**What to produce:** Once you find the line with "Family fun in" in the entries below, print it and each line after it up to and including the line with "A high-detail shot", exactly, without pictures.

**Data provided:**
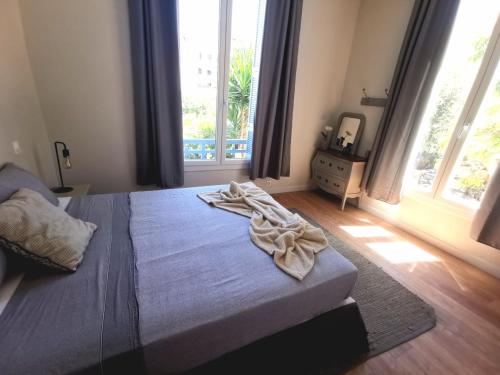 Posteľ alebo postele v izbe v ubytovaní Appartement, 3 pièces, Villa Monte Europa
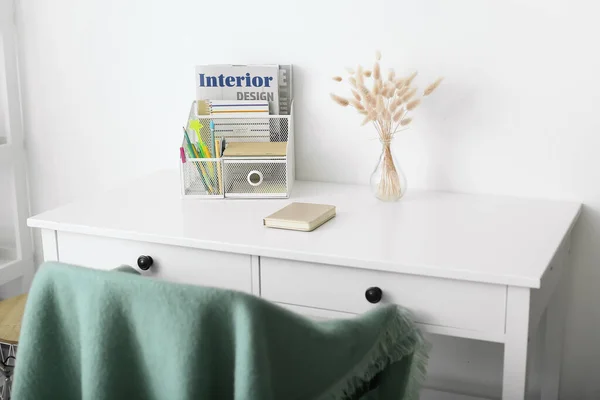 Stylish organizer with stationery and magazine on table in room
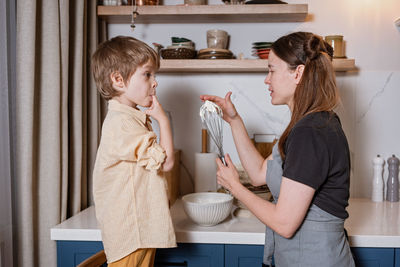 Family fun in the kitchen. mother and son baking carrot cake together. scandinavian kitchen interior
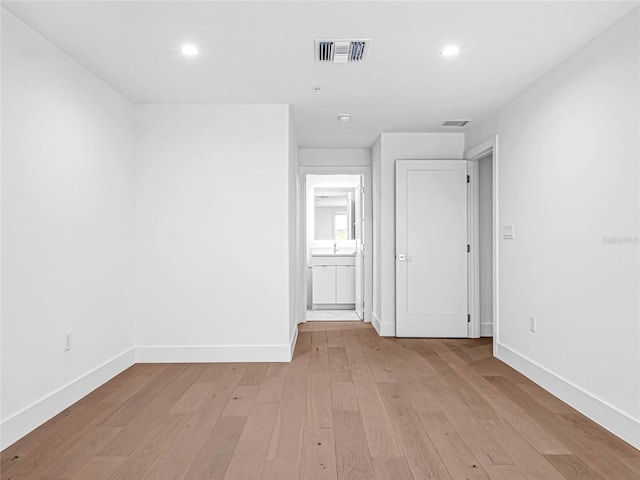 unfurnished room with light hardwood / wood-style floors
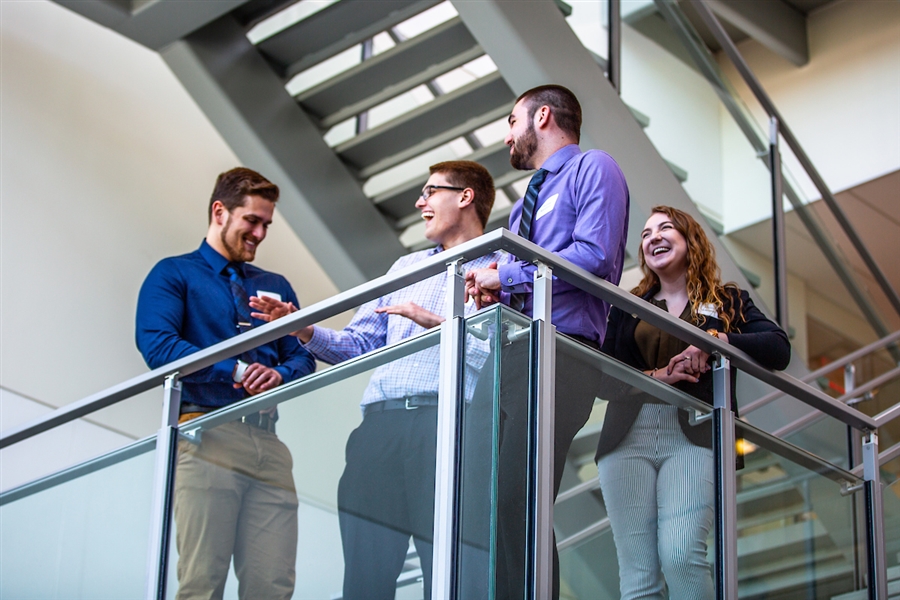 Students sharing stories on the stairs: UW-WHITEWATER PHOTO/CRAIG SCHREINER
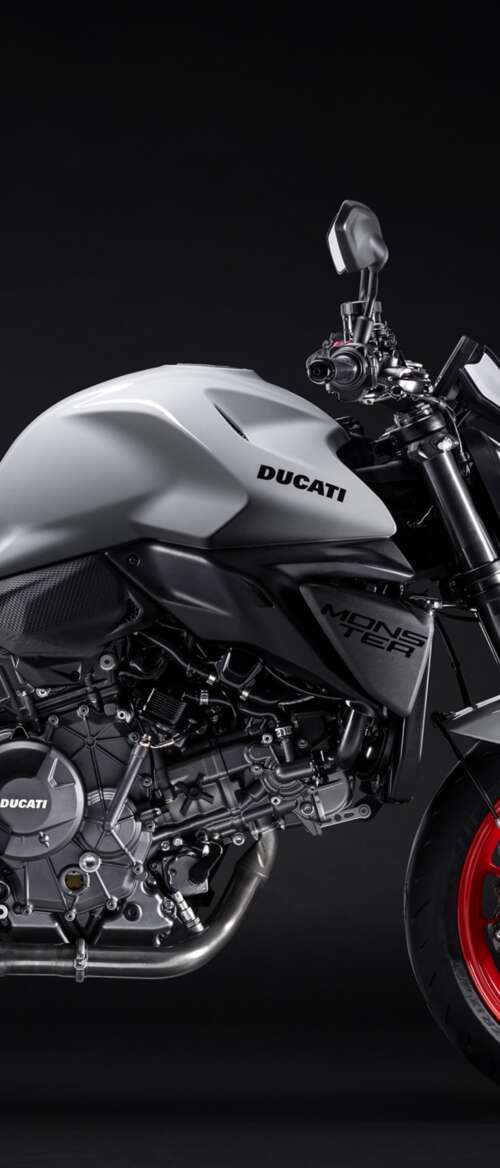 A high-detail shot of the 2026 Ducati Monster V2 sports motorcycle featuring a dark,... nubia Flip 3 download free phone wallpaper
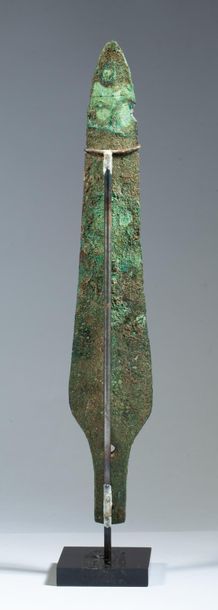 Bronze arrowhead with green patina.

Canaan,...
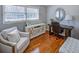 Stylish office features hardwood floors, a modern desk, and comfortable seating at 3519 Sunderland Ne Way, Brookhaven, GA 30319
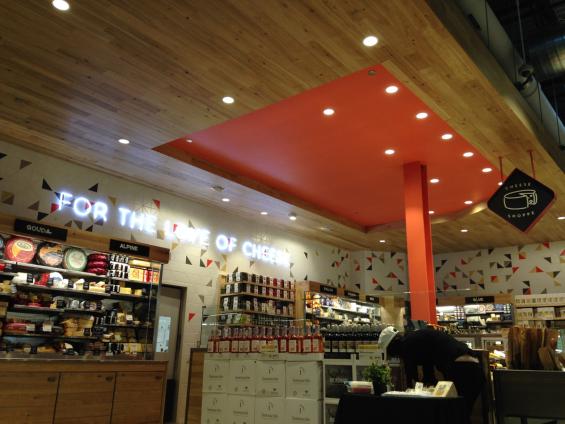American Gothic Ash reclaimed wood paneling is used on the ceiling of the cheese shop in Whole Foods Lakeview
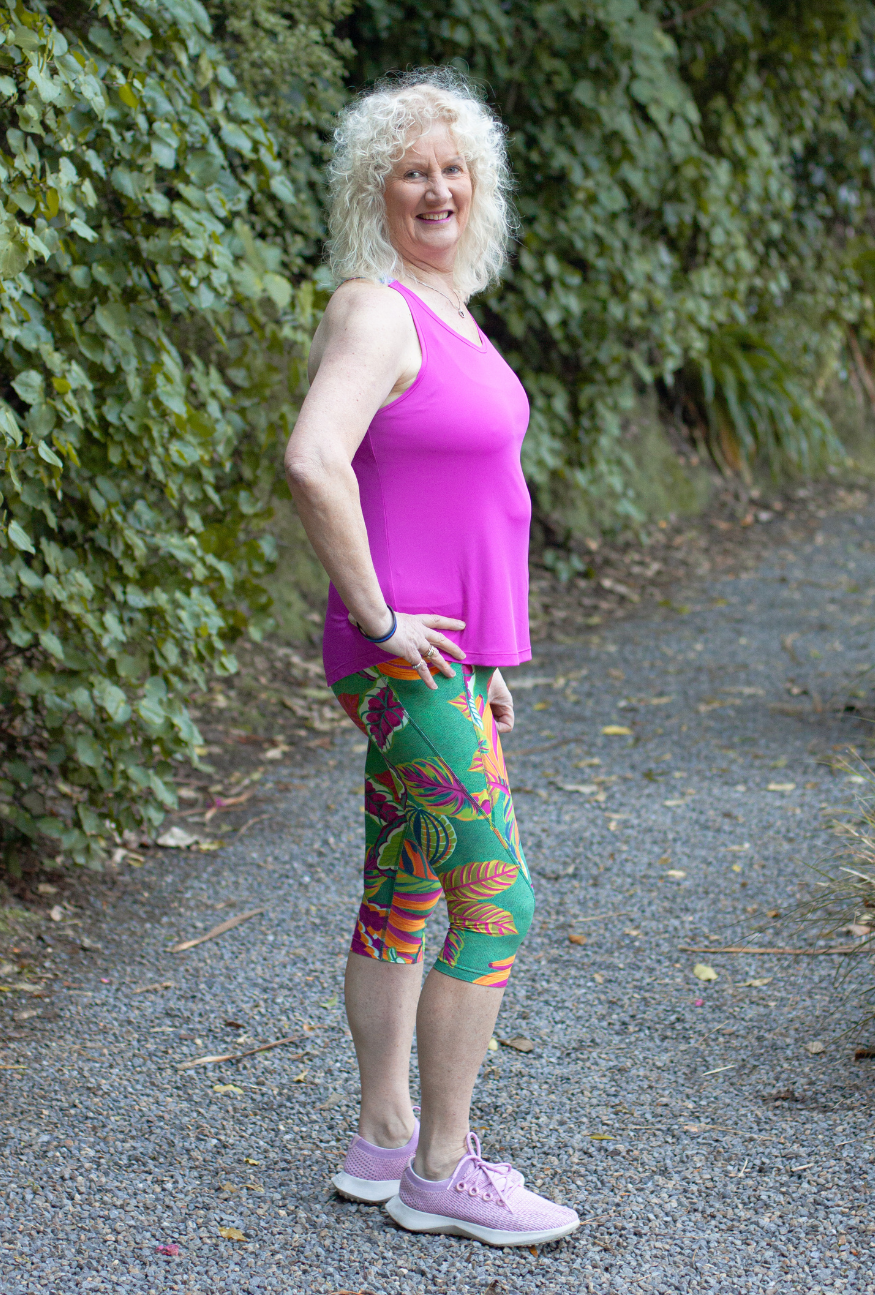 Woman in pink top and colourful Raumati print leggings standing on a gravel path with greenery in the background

**Solution:**
 Family fun in the kitchen. mother and son baking carrot cake together. scandinavian kitchen interior
 unfurnished room with light hardwood / wood-style floors
 Students sharing stories on the stairs: UW-WHITEWATER PHOTO/CRAIG SCHREINER
 A high-detail shot of the 2026 Ducati Monster V2 sports motorcycle featuring a dark,... nubia Flip 3 download free phone wallpaper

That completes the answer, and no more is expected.